Faculty keep busy with publications, presentations

Groffman, Joshua
Groffman

Faculty members have been busy creating, publishing, researching and presenting in areas ranging from literary fiction to cybersecurity.

            Dr. Joshua Groffman, assistant professor of music, has been studying the soundscapes of the Hudson Valley. He presented his paper, “Sounding the Pre-human Landscape in New York's Hudson Valley” at the Global Prehumanisms Conference at the University of Illinois at Urbana-Champaign.

            This summer, he presented “Home is a Fire: Soundscapes of the Hudson River in the Age of Donald Trump” at the 2019 Conference on Communication and Environment at the University of British Columbia in Vancouver.

            Karen Bell, an instructor of English, won the John Guyon Literary Nonfiction Prize for her essay “The Body After” from the prestigious literary magazine Crab Orchard Review.

            She has also had pieces accepted or published recently in the Little Patuxent Review, Lumina, Catamaran, Hotel Amerika and Verity La. Her essay “Past Pitch of Grief” appeared in The Louisville Review.

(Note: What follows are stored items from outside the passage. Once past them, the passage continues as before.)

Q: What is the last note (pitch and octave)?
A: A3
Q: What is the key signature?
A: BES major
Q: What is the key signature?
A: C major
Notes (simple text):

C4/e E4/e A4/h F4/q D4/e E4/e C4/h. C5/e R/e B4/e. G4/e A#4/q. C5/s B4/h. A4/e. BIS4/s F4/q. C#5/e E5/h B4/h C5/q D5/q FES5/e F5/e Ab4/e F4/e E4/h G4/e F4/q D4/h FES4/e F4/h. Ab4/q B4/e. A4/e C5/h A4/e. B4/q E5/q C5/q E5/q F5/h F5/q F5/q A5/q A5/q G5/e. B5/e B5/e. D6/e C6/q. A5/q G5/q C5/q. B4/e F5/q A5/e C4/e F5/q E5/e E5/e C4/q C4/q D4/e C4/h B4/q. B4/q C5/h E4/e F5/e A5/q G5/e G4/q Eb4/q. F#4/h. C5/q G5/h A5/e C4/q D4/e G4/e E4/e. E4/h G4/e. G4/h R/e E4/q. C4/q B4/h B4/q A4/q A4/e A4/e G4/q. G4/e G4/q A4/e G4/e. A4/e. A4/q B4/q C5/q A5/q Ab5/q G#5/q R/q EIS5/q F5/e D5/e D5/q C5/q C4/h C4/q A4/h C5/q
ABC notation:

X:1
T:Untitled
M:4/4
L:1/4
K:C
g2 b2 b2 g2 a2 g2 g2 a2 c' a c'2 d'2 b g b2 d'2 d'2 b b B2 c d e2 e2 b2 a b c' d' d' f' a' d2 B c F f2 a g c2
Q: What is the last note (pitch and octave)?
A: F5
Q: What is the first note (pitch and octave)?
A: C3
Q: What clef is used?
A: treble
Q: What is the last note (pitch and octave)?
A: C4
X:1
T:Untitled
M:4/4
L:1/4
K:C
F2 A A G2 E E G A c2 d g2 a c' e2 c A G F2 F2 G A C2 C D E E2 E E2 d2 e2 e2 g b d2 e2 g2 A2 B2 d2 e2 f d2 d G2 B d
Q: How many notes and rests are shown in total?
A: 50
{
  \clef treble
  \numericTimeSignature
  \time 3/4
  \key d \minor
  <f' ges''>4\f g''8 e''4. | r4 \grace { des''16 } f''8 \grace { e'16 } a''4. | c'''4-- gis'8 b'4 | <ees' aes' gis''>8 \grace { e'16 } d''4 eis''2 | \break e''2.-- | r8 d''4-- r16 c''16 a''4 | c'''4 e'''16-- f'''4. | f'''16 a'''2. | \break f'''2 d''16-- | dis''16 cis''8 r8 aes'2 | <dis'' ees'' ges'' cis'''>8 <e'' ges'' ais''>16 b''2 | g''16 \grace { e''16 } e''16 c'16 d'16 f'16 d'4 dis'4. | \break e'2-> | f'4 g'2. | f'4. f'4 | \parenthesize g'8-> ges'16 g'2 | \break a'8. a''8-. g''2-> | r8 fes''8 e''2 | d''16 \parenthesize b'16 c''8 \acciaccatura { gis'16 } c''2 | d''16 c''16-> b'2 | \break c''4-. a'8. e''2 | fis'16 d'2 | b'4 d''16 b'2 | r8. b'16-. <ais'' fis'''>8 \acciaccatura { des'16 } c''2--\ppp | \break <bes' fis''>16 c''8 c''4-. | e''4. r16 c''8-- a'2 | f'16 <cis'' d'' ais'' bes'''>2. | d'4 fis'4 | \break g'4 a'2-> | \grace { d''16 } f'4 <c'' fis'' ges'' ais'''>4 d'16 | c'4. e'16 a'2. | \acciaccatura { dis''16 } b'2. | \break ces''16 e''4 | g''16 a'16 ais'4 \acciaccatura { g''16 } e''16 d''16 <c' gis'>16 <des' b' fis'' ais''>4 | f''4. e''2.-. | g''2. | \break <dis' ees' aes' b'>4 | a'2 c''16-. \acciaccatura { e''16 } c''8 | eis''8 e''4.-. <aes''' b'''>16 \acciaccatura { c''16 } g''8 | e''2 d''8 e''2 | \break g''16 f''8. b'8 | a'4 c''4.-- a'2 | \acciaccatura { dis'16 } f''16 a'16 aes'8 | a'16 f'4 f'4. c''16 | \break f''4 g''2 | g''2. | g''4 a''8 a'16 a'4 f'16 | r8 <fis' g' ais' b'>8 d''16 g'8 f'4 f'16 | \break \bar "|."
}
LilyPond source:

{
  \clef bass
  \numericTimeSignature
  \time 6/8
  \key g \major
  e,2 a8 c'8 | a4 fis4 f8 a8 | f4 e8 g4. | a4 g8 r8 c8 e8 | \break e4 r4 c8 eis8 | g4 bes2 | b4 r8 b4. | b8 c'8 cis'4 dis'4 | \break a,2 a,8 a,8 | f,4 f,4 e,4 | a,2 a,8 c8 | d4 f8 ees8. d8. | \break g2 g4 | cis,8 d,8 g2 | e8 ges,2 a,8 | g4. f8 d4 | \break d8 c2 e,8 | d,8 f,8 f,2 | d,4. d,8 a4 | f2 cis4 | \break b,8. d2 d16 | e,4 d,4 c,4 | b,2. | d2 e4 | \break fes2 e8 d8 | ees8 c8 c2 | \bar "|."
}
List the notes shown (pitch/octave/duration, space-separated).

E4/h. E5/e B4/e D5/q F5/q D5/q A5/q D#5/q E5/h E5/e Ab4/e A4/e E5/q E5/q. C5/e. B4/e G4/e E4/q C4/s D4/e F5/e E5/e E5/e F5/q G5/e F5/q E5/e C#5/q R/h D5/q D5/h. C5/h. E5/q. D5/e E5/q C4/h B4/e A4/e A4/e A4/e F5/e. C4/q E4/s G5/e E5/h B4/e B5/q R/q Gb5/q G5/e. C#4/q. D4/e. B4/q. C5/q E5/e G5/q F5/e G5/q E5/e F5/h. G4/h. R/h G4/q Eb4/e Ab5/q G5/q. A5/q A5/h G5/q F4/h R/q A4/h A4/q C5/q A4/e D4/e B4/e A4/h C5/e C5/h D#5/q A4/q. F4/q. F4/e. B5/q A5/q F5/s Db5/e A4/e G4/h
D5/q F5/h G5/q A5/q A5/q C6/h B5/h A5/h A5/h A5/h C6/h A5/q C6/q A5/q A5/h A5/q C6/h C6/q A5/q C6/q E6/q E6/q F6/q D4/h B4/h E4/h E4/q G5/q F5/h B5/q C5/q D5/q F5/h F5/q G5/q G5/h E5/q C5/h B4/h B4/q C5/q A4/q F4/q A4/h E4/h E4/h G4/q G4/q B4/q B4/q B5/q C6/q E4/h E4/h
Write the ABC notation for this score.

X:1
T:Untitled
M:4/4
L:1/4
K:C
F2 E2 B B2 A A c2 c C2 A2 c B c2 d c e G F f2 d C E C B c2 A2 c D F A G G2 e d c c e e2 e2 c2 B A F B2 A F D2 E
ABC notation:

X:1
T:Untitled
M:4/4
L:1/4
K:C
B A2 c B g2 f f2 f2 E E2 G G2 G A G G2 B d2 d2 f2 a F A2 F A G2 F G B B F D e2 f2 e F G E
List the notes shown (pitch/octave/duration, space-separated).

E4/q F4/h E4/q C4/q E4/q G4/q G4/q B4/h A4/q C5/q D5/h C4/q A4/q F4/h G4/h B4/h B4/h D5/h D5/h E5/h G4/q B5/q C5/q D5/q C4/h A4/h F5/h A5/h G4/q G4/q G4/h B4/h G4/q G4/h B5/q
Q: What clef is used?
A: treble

            Dr. Shushan Zhao, assistant professor of computer information systems and technology, has been equally successful in publishing in the publishing world.

            His article, “Viable Email Attacks and a Simple End-to-End Security Solution” appeared in the Indian Journal of Computer Science. An article he co-wrote, “An Add-on to End-to-End Secure Email Solution in Mobile Communications” appeared in the proceedings of the 10th International Conference on Mobile Multimedia Communications.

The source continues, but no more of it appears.